X = df['votes'].loc[df['candidate']=='Donald Trump'].values

# Make fit
results = bl.fit(X)

# Plot
bl.plot(title='Results of Donald Trump based on digit=3', barcolor=[0.5, 0.5, 0.5], fontsize=12, barwidth=0.4)

3th digit.

All other digits [4-9] and last digits

Benford’s Law has known distributions for the the first three digits. All digits that come after (like pos=4), the distribution is not explicitly defined in classical Benford’s Law. The significance of Benford’s Law in data declines as you move to higher digit positions, since the influence of digit distributions decreases and approaches uniformity. However, we can assume a uniform distribution which is being done for every digit above 3.
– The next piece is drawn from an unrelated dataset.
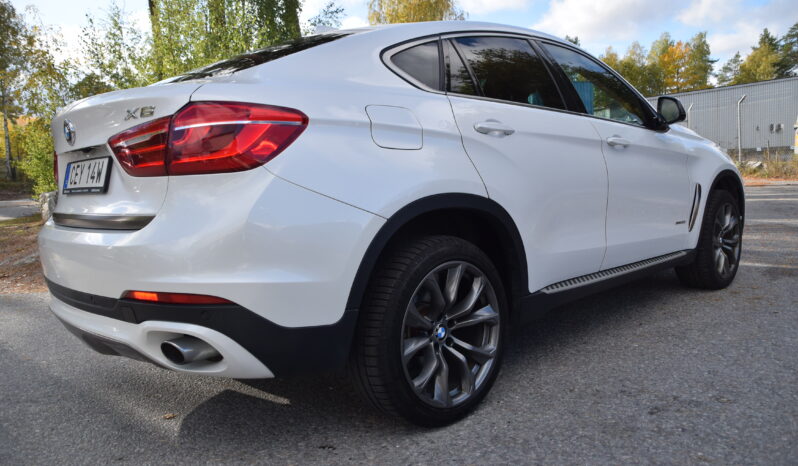 BMW X6 xDrive35i Steptronic Euro 6 Panorama 360° Kamera-16 full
from benfordslaw import benfordslaw

# Initialize
bl = benfordslaw(pos=4)

# Load elections example
df = bl.import_example(data='elections_usa')

# Extract election information.
X = df['votes'].loc[df['candidate']=='Donald Trump'].values

# Make fit
results = bl.fit(X)

# Plot
bl.plot(title='Results of Donald Trump based on digit=4', barcolor=[0.5, 0.5, 0.5], fontsize=12, barwidth=0.4)

Fourth digit.

Last digit test

Let’s check the the votes on the last digit and determine whether it significantly deviates from benfords distribution. Benford’s Law has known distributions for the the first three digits. For other digits there is no distribution explicitly defined in classical Benford’s Law. However, we can assume a uniform distribution which is being done for every last digits.

from benfordslaw import benfordslaw

# Initialize
bl = benfordslaw(pos=-1)

# Load elections example
df = bl.import_example(data='elections_usa')

# Extract election information.
X = df['votes'].loc[df['candidate']=='Donald Trump'].values

# Make fit
results = bl.fit(X)

# Plot
bl.plot(title='Results of Donald Trump based on digit=-1', barcolor=[0.5, 0.5, 0.5], fontsize=12, barwidth=0.4)

Last digit.

Second last digit test

Let’s check the the votes on the second last digit and determine whether it significantly deviates from benfords distribution. Benford’s Law has known distributions for the the first three digits. For other digits there is no distribution explicitly defined in classical Benford’s Law. However, we can assume a uniform distribution which is being done for every last digits.

from benfordslaw import benfordslaw

# Initialize
bl = benfordslaw(pos=-2)

# Load elections example
df = bl.import_example(data='elections_usa')

# Extract election information.
X = df['votes'].loc[df['candidate']=='Donald Trump'].values

# Make fit
results = bl.fit(X)

# Plot
bl.plot(title='Results of Donald Trump based on digit=-2', barcolor=[0.5, 0.5, 0.5], fontsize=12, barwidth=0.4)

Second last digit.